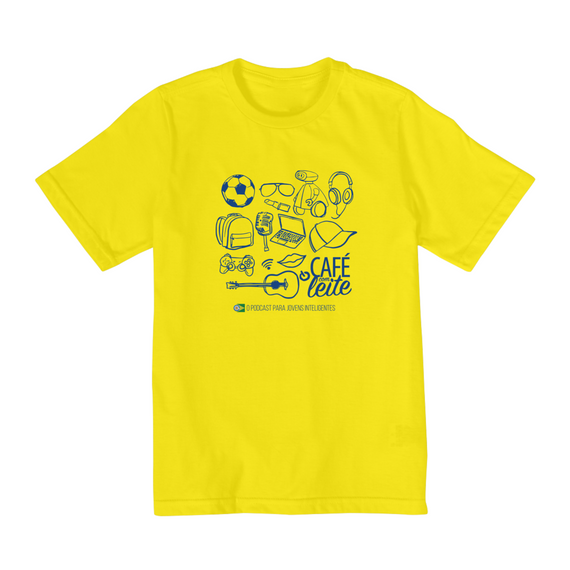 Camiseta Café Com Leite INFANTIL (2 a 8 anos)  modelo 1 clara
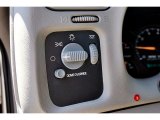 2002 Chevrolet S10 Extended Cab Controls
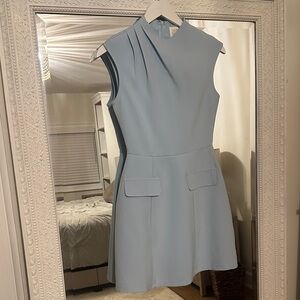Elegant Sleeveless Blue Dress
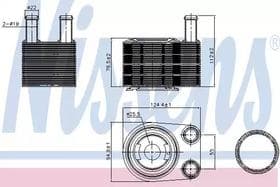 Оливний радіатор двигуна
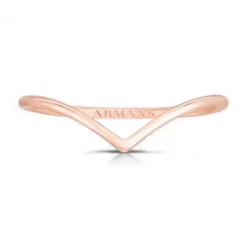 Solid Gold V Ring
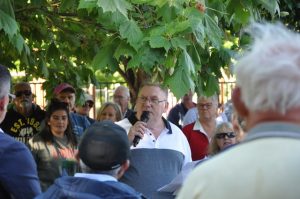 Community gathers after lake renaming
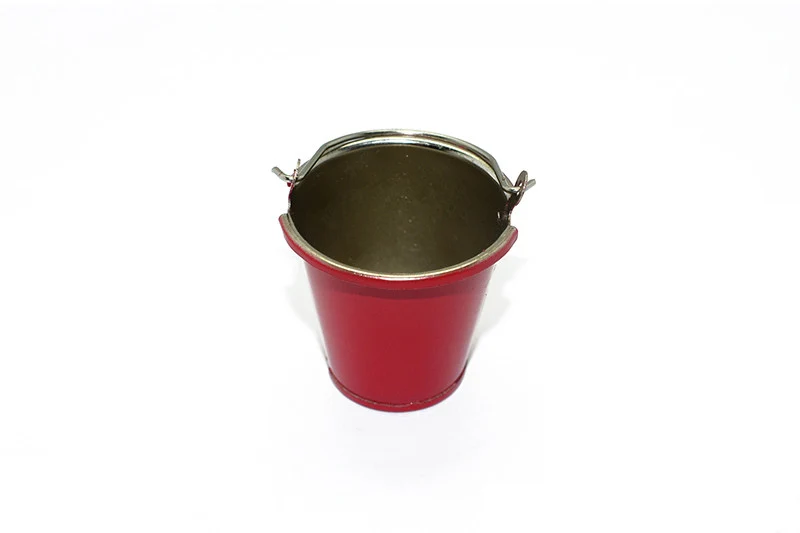 GPM Seau en métal rouge ZSP005-R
__________
TO DO>
Using the listing above, copy every line from the line containing "Elegant Sleeveless Blue Dress" through the last one, both included, and no other lines. Pictures stay out.

RESULT FOR THIS EXERCISE>
Elegant Sleeveless Blue Dress
 Оливний радіатор двигуна
 Solid Gold V Ring
 Community gathers after lake renaming
 GPM Seau en métal rouge ZSP005-R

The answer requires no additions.